__To do__: Only one span of the listing below is wanted: the lines from the one with "usata Tesla Model" through the one with "image GEDUNG STRATEGIS JL PEMUDA (2)", reproduced exactly, both ends kept.

__Recorded data__:
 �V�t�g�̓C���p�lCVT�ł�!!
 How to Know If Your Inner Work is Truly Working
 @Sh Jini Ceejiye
==
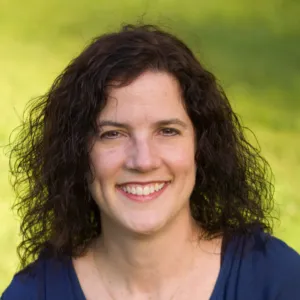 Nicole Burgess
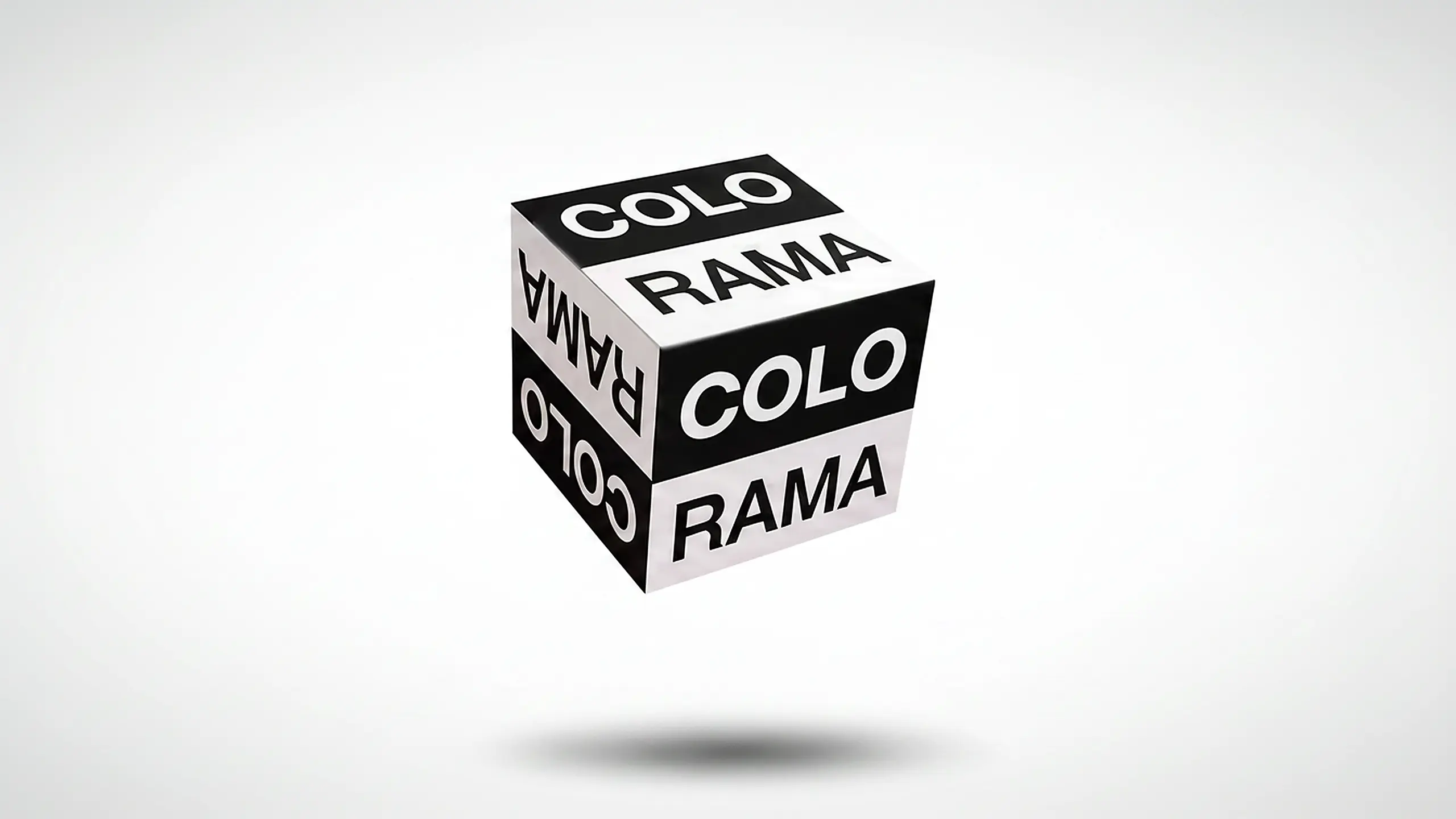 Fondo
--
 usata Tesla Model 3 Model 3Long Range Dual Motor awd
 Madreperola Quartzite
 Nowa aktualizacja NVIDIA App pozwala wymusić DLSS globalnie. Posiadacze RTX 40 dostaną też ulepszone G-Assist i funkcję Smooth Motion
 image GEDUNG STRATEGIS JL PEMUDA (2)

__Exercise solution__:
 usata Tesla Model 3 Model 3Long Range Dual Motor awd
 Madreperola Quartzite
 Nowa aktualizacja NVIDIA App pozwala wymusić DLSS globalnie. Posiadacze RTX 40 dostaną też ulepszone G-Assist i funkcję Smooth Motion
 image GEDUNG STRATEGIS JL PEMUDA (2)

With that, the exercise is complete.